Fractional Indexing: Ordering Items in Collaborative Lists
The problem
Canvas editor, 500 layers, the user drags layer #200 onto position #450. If the order is stored as plain integers 1, 2, 3, ..., 500, moving a single element means renumbering every element after the insertion point.
Tolerable for a local app. In a collaborative setting it’s a nightmare:
- Every index update is a separate operation that can conflict with other users’ actions.
- Moving one layer means 250 index mutations, one per element between the old and new position.
- If two people drag different layers at the same moment, merging becomes a problem of reconstructing order rather than applying two patches.

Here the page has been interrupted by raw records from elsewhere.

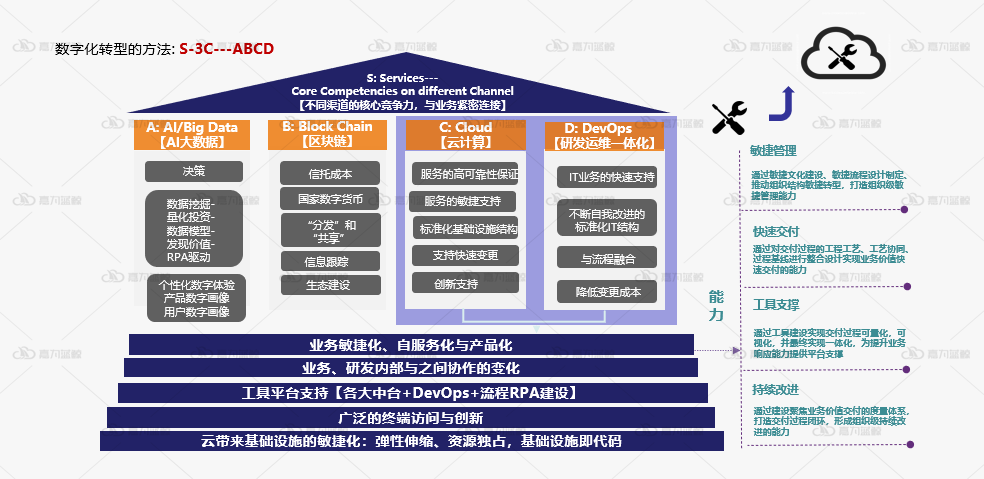 新澳2024年精准资料32期，可靠操作方案_HT86.52.80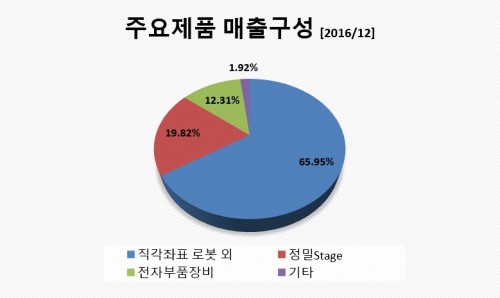 로보스타매출구성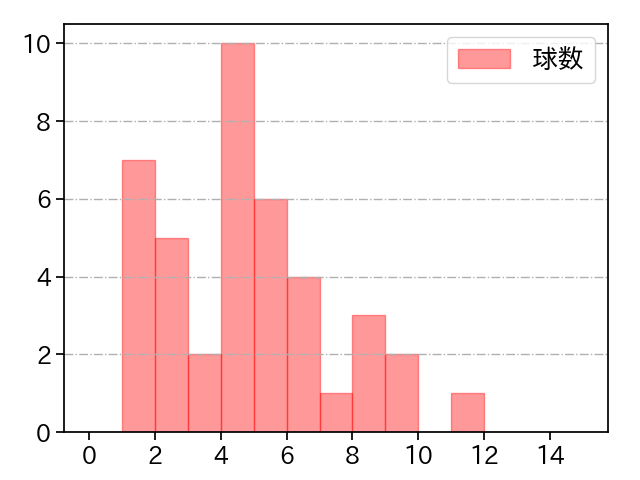 ターリー 打者に投じた球数分布(2023年5月)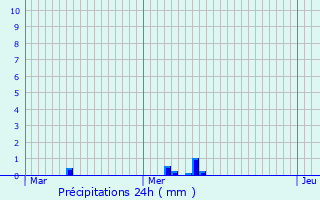 Graphique des précipitations prvues pour Prouilly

What you want: O(1) insert, and existing elements stay untouched.
Why not float indexes
First idea that comes to mind: use floats instead of integers. Between 1 and 2 you can always insert 1.5, between 1 and 1.5 insert 1.25, and so on.
It works right up to the first degradation:
11.0, 2.0
2→ insert between: 1.5
3→ insert between 1.0 and 1.5: 1.25
4→ insert between 1.0 and 1.25: 1.125
5→ ...
6→ after ~50 inserts at the same point, float64 precision runs out
Past that point, (1.0 + 1.0000000000000002) / 2 === 1.0000000000000002, and the new element gets a key equal to its neighbor. Order breaks.
The fix: string keys that compare lexicographically and can grow in length without losing precision.
The idea
Between any two strings "a" and "c" there’s a string "b" that sits lexicographically in the middle. For "a" and "b", add a character: "aV" fits between them because "a" < "aV" < "b". For "a" and "aV", the answer is "aF". Length grows, but the key always exists.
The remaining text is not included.